In Osaka, on November 17, when the Secretary paid his visit there, the Secretary agreed with the Japanese leadership and the Republic of Korea Foreign Minister that they should hold a senior-level trilateral meeting to coordinate the policies towards North Korea. This is the first of these meetings. The purpose of the meeting is to discuss and coordinate policies to encourage increased North Korean opening and dialogue with the outside world and to improve inter-Korean relations.

So I want to thank you, George, for prompting that very good response from the Department of State to Jim's question.

Q Can you tell us whether the United States has made clear to India that the Glenn Amendment could follow them if they blow up another bomb?

MR. BURNS: Ron, you referring to the question I had yesterday about the Prithvi missile or are you referring to --

Q I'm referring to nuclear testing.

MR. BURNS: Let me try to deal with two subjects here. I was asked yesterday -- and I'll answer your question, Ron -- I was asked yesterday about a report that the Indian Government has decided to deploy the Prithvi missile. I did not have much to say on that yesterday, but let me tell you today that we have made our concerns about missile proliferation in South Asia well known, in both India and Pakistan.

The United States believes that the deployment or the acquisition of ballistic missile delivery systems by India or Pakistan would be destabilizing. We think it would undermine the security of both countries and of the region as a whole.

For some time now we have strongly encouraged both governments not to deploy ballistic missiles.

Ron, on your specific question. As you know, we have had an on- going senior-level discussion and dialogue with the Indian Government about arms control, about non-proliferation, including the Comprehensive Test Ban Treaty. We have done this with the Government of India as we have with other governments in the region and around the world.

I believe it's fair to say that as a result of these discussions, the Indian Government is well aware of our concerns.

United States law contains sanctions, including the termination of almost all assistance, the cut-off of defense sales and services, the cut-off of credit guarantees of export-import bank support, a ban on commercial bank loans to the government of any country that detonates a nuclear device. In this case only, and only possibly, humanitarian food aid would be excepted.

These sanctions also include a requirement for the United States Government to oppose World Bank and other international financial institution loans to that country.

This part of United States law pertaining to governments that unwisely and illegally try to detonate nuclear devices is well known to all non-nuclear powers. We, as a matter of course, remind our interlocutors in South Asia and elsewhere of United States law.

Q Nick, does this law apply only to those not including the big five nuclear powers?

MR. BURNS: Excuse me?

Q You said "non-nuclear powers." Does it apply to countries that are not the "Big Five?"

MR. BURNS: It applies to all countries that are currently known as or have declared themselves to be in the NPT -- non-nuclear powers.

Q What about France?

MR. BURNS: Excuse me?

Q What about France?

MR. BURNS: France is not in that group.
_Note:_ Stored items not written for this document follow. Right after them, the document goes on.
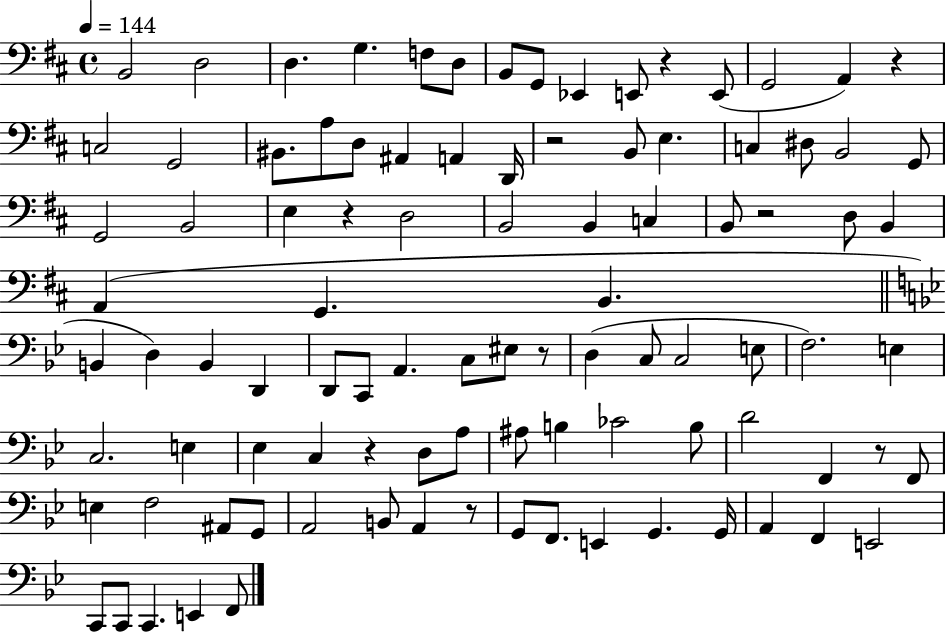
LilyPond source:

{
  \clef bass
  \time 4/4
  \defaultTimeSignature
  \key d \major
  \tempo 4 = 144
  b,2 d2 | d4. g4. f8 d8 | b,8 g,8 ees,4 e,8 r4 e,8( | g,2 a,4) r4 | \break c2 g,2 | bis,8. a8 d8 ais,4 a,4 d,16 | r2 b,8 e4. | c4 dis8 b,2 g,8 | \break g,2 b,2 | e4 r4 d2 | b,2 b,4 c4 | b,8 r2 d8 b,4 | \break a,4( g,4. b,4. | \bar "||" \break \key bes \major b,4 d4) b,4 d,4 | d,8 c,8 a,4. c8 eis8 r8 | d4( c8 c2 e8 | f2.) e4 | \break c2. e4 | ees4 c4 r4 d8 a8 | ais8 b4 ces'2 b8 | d'2 f,4 r8 f,8 | \break e4 f2 ais,8 g,8 | a,2 b,8 a,4 r8 | g,8 f,8. e,4 g,4. g,16 | a,4 f,4 e,2 | \break c,8 c,8 c,4. e,4 f,8 | \bar "|."
}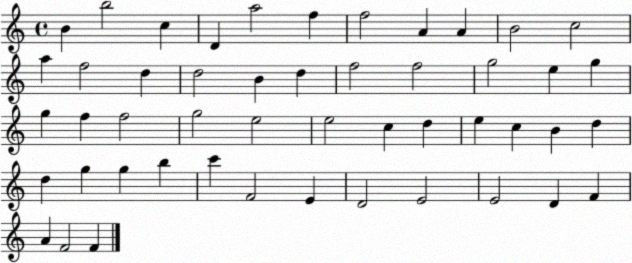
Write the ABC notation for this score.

X:1
T:Untitled
M:4/4
L:1/4
K:C
B b2 c D a2 f f2 A A B2 c2 a f2 d d2 B d f2 f2 g2 e g g f f2 g2 e2 e2 c d e c B d d g g b c' F2 E D2 E2 E2 D F A F2 F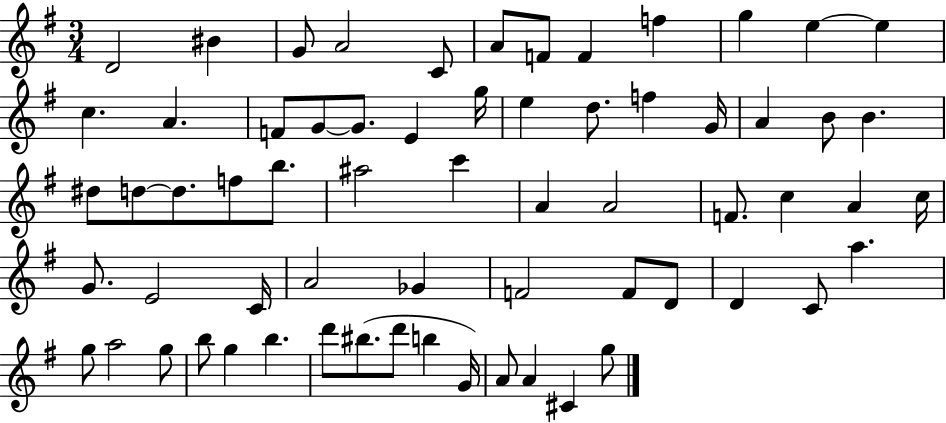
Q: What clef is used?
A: treble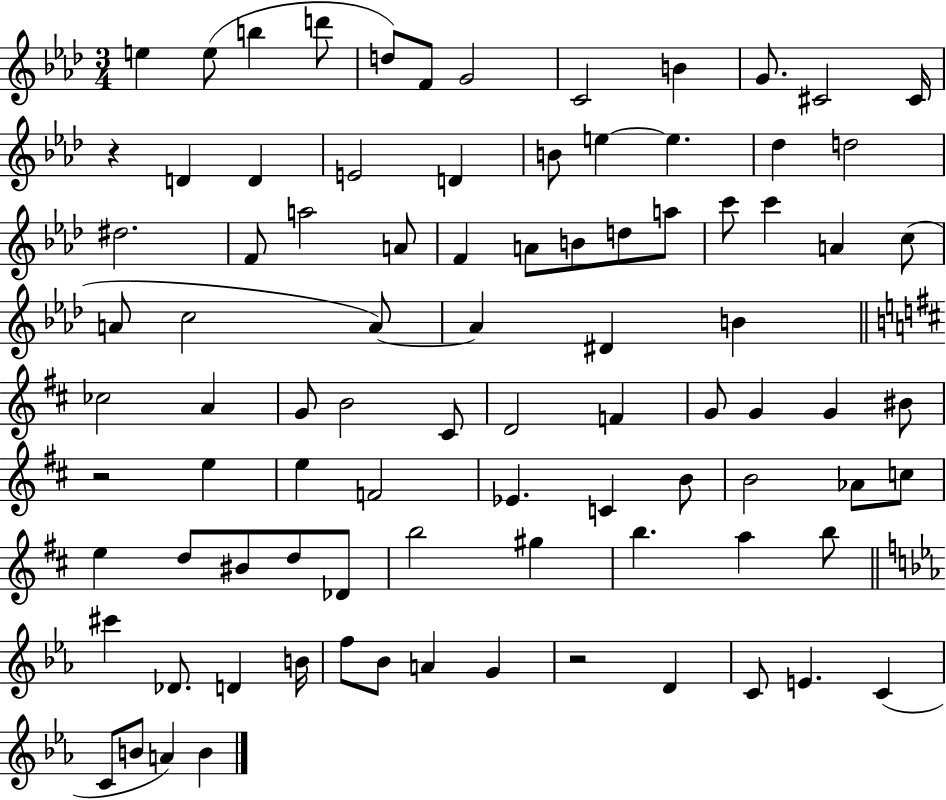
X:1
T:Untitled
M:3/4
L:1/4
K:Ab
e e/2 b d'/2 d/2 F/2 G2 C2 B G/2 ^C2 ^C/4 z D D E2 D B/2 e e _d d2 ^d2 F/2 a2 A/2 F A/2 B/2 d/2 a/2 c'/2 c' A c/2 A/2 c2 A/2 A ^D B _c2 A G/2 B2 ^C/2 D2 F G/2 G G ^B/2 z2 e e F2 _E C B/2 B2 _A/2 c/2 e d/2 ^B/2 d/2 _D/2 b2 ^g b a b/2 ^c' _D/2 D B/4 f/2 _B/2 A G z2 D C/2 E C C/2 B/2 A B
France is a declared nuclear power.

Q That was my question.

MR. BURNS: It does not pertain, for instance, to the Government of China or to the Government of the Russian Federation or the Government of the United Kingdom or to the Government of France. But it does apply to all declared non-nuclear powers. They know who they are and we know who they are.

Q (Inaudible) consent -- the L.A. Times, I think, it was reported that Ambassador Wisner had gone in to the Indian Government and very specifically laid out the terms of the Glenn Amendment. Can you confirm that that meeting or meetings of that sort took place?

MR. BURNS: We never like to go into the details of our diplomatic discussions with foreign governments, so I'll resist that temptation now. But I will repeat that I said, that that we have an on-going senior-level dialogue with the Indian Government as well as the Pakistani Government on this particular issue. You can be assured that those conversations have taken place. The effect of those conversations has been to leave in the minds of our interlocutors a very clear idea of the sentiments of the United States and of the consequences under U.S. law should any country elect to detonate a nuclear device.

Mark had a question. Sid, we'll go back.

Q A new subject: The Middle East?

MR. BURNS: Anybody want to stay on this? Let's stay on this, Mark, and then we'll go to the Middle East.

Q Are you concerned that India is preparing to conduct another test?

MR. BURNS: We've made our views and our concerns on this issue abundantly clear to all governments in the region, including the Indian Government.

Q You have concerns that India is preparing to conduct a nuclear test?

MR. BURNS: I'm not in a position to answer that question, frankly. I'm just not in a position to answer it.

Q (Inaudible) illegally conducting the test --

MR. BURNS: Excuse me?

Q (Inaudible) illegally -- as far as Indian is concerned, (inaudible) Indian law, not American law. So what do you mean by "illegally?"

MR. BURNS: I'm talking about international law, specifically pertaining to the Non-Proliferation Treaty where countries have made commitments to abide by the concerns of the NPT. Notwithstanding the inclination of some countries in the world not to participate in the NPT, we believe it is illegal and inadvisable and contrary to world peace and regional stability for countries that are not nuclear powers to attempt to become nuclear powers.

Q (Inaudible).

MR. BURNS: Excuse me?

Q How can you hold India responsible for a treaty which it has not signed?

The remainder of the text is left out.